Item 1. Security and Issuer
This Schedule 13D relates to the common stock, par value $0.0001 per share (“Common Stock”) of Augmedix, Inc., a Delaware corporation (the “Issuer”). The Issuer’s principal business office is located at 1161 Mission Street, Suite LL, San Francisco, CA 94103.
Item 2. Identity and Background
(a) This Schedule 13D is filed by McKesson Corporation (“McKesson”) and McKesson Ventures LLC (“McKesson Ventures”). McKesson Ventures, a wholly owned subsidiary of McKesson, is the direct beneficial owner of the amount of Common Stock of the Issuer as set forth in Row 10 of the cover pages of this Schedule 13D. As the parent of McKesson Ventures, McKesson may be deemed to beneficially own these shares. McKesson and McKesson Ventures are together referred to herein as the “Reporting Persons.” The Reporting Persons have entered into a Joint Filing Agreement, dated October 15, 2020, a copy of which is filed with this Schedule 13D as Exhibit 1, pursuant to which the Reporting Persons have agreed to file this statement jointly in accordance with the provisions of Rule 13d-1(k)(1) under the Act.
(b) The address of the principal business office of McKesson Ventures is One Post Street, San Francisco, CA 94104 and of McKesson is 6555 State Hwy 161, Irving, TX 75039.
(c) McKesson Ventures is a limited liability company organized under the laws of Delaware, and McKesson is a corporation incorporated under the laws of Delaware. McKesson specializes in healthcare supply chain management solutions, retail pharmacy, community oncology and specialty care, and healthcare information technology. McKesson partners with life sciences companies, manufacturers, providers, pharmacies, governments and other healthcare organizations to help provide the right medicines, medical products and healthcare services to the right patients at the right time, safely and cost-effectively. McKesson Ventures is a wholly owned subsidiary of McKesson which engages in venture capital investing, focused on early stage companies in the healthcare sector.
(d)-(e) Neither the Reporting Persons nor, to the best knowledge of each of them, any of the executive officers and members of the Board of Directors of each of the Reporting Persons set forth on Schedule I hereto, during the last five years, (i) has been convicted in a criminal proceeding (excluding traffic violations or similar misdemeanors) or (ii) was a party to a civil proceeding of a judicial or administrative body of competent jurisdiction and as a result of such proceeding was or is subject to a judgment, decree or final order enjoining future violations of, or prohibiting or mandating activities subject to, federal or state securities laws or finding any violation with respect to such laws.
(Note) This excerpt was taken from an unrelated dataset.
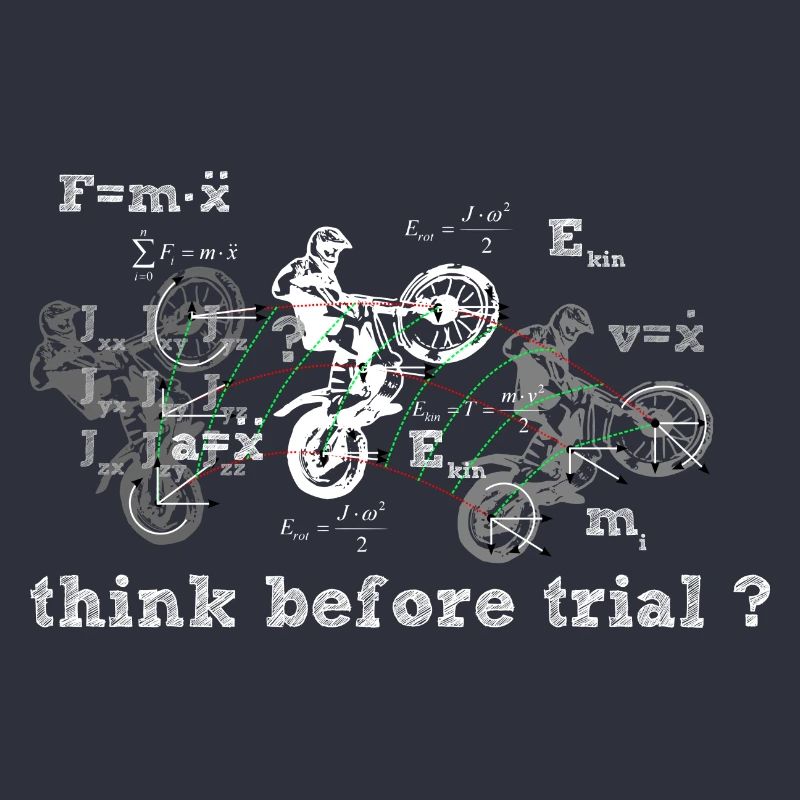 Think before trial?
(f) The name, business address, present principal occupation or employment and citizenship of the executive officers and members of the Board of Directors of each of the Reporting Persons is set forth on Schedule I hereto and is herein incorporated by reference.
Item 3. Source and Amount of Funds or Other Consideration
The information set forth in Item 6 of this Schedule 13D is hereby incorporated by reference.
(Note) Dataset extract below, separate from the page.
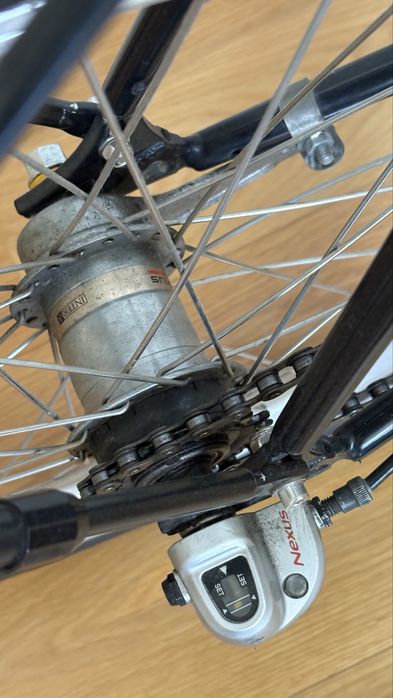 Bicicleta Veli Classic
The source of funds for the purchase of the Issuer’s Common Stock in the Offering (as defined in Item 6) was working capital of McKesson Ventures.
Item 4. Purpose of Transaction
Purpose of the Transaction
The information set forth in Item 6 of this Schedule 13D is hereby incorporated by reference.
Plans or Proposals
The Reporting Persons from time to time intend to review their investment in the Issuer on the basis of various factors, including the Issuer’s business, financial condition, results of operations and prospects, general economic and industry conditions, the securities markets in general and those for the Issuer’s Common Stock in particular, as well as other developments and other investment opportunities. Based upon such review, the Reporting Persons will take such actions in the future as the Reporting Persons may deem appropriate in light of the circumstances existing from time to time. If the Reporting Persons believe that further investment in the Issuer is attractive, whether because of the market price of the Common Stock or otherwise, they may acquire Common Stock or other securities of the Issuer either in the open market or in privately negotiated transactions. Similarly, depending on market and other factors, the Reporting Persons may determine to dispose of some or all of the Common Stock currently owned by the Reporting Persons or otherwise acquired by the Reporting Persons either in the open market or in privately negotiated transactions.
Except as described above, none of the Reporting Persons currently has any plan or proposal that relates to or would result in any of the actions specified in clauses (a) through (j) of Item 4 of Schedule 13D.
The Reporting Persons acquired the securities reported herein for investment purposes.